Building women's capacity and social capital

Published: 03 May 2021
Last edited: 03 May 2021

Sea PoWer facilitated the formation of two groups of women producers. It involved them in the design of the tubular net technology (e.g. testing net length and harvesting method) to ensure that the technology was adapted to their needs.

SeaPoWer developed the capacity of producers to:

  • Construct tubular nets.
  • Plant and monitor seaweed growth.
  • Record keeping.
  • Be safer at sea (e.g. wear life jackets on the boat). 
  • Handle boats with men.
  • Construct basket traps to catch fish under the nets.

Sea PoWer also encouraged women to work together as a group, as several people are needed to seed and harvest the nets and supported their organisational capacity.


Education, training and other capacity development activities
Scale of implementation
Phase of solution

Enabling factors

Availability of equipment and technical support. Sea PoWer supplied the materials to build the tubular nets and farm seaweed with them (fishing nets, ropes, PVC tubes, boat). This enabled to lift constraints related to accessing equipment, and perceived risk of engaging in this new form of production. Sea PoWer closely monitored their uptake of the technology. 


Willingness to cooperate. Social collaboration was highlighted by women engaged with Sea PoWer as a critical enabling environment to promote knowledge sharing for adaptation. 

Lessons learned

Factors outside the technology itself, such as perceptions, engrained practices, are just as important as the technological design.

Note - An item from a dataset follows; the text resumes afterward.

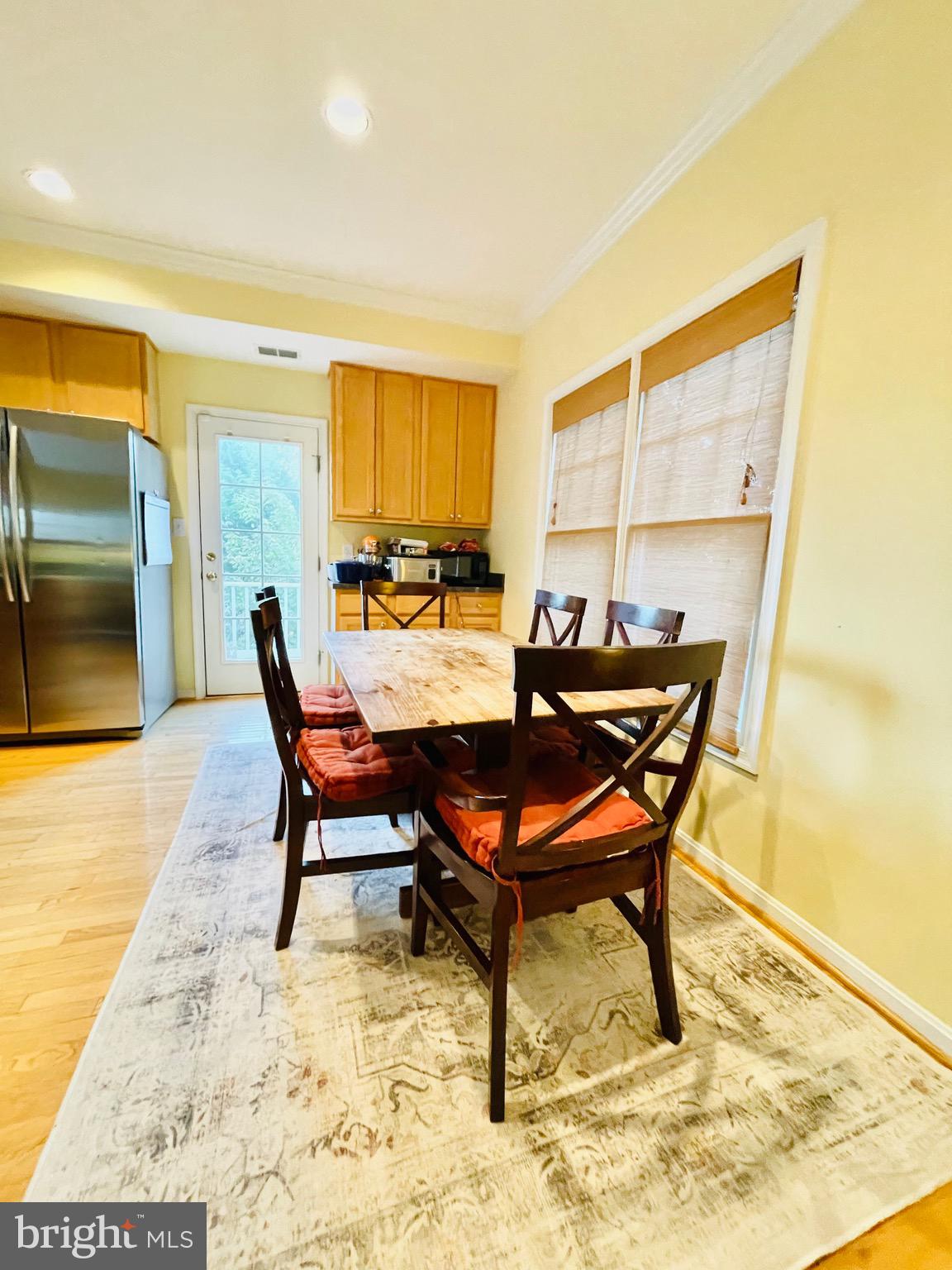 LAKELANDS - Residential Lease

For example, overcoming fear and taboo to go on the boat and learning safety at sea skills (e.g. wear a life jacket) goes hand-in-hand with using the technology (tubular nets) themselves.  

The gains in productivity achieved from using the improved farming technology need to be offset by the time it takes to become familiar with it, especially for women who typically already bear the brunt of the labour burden in the household.